Of all the lines below, output only those starting at the one with "Capotamento de carro" and ending at the one with "Il 25 novembre", both ends included, exactly as written.

-- Opening Marker --

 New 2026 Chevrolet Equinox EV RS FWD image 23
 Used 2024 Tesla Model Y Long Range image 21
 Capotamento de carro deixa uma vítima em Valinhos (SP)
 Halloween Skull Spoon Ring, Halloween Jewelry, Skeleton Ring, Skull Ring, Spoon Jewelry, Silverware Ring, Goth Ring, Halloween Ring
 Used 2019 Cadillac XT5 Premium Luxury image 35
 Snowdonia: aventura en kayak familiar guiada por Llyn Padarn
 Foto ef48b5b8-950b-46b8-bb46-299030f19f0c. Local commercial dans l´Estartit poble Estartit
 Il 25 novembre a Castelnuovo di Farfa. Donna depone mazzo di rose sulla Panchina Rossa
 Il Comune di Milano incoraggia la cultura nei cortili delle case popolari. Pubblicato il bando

-- Closing Marker --

> EXERCISE RESPONSE
 Capotamento de carro deixa uma vítima em Valinhos (SP)
 Halloween Skull Spoon Ring, Halloween Jewelry, Skeleton Ring, Skull Ring, Spoon Jewelry, Silverware Ring, Goth Ring, Halloween Ring
 Used 2019 Cadillac XT5 Premium Luxury image 35
 Snowdonia: aventura en kayak familiar guiada por Llyn Padarn
 Foto ef48b5b8-950b-46b8-bb46-299030f19f0c. Local commercial dans l´Estartit poble Estartit
 Il 25 novembre a Castelnuovo di Farfa. Donna depone mazzo di rose sulla Panchina Rossa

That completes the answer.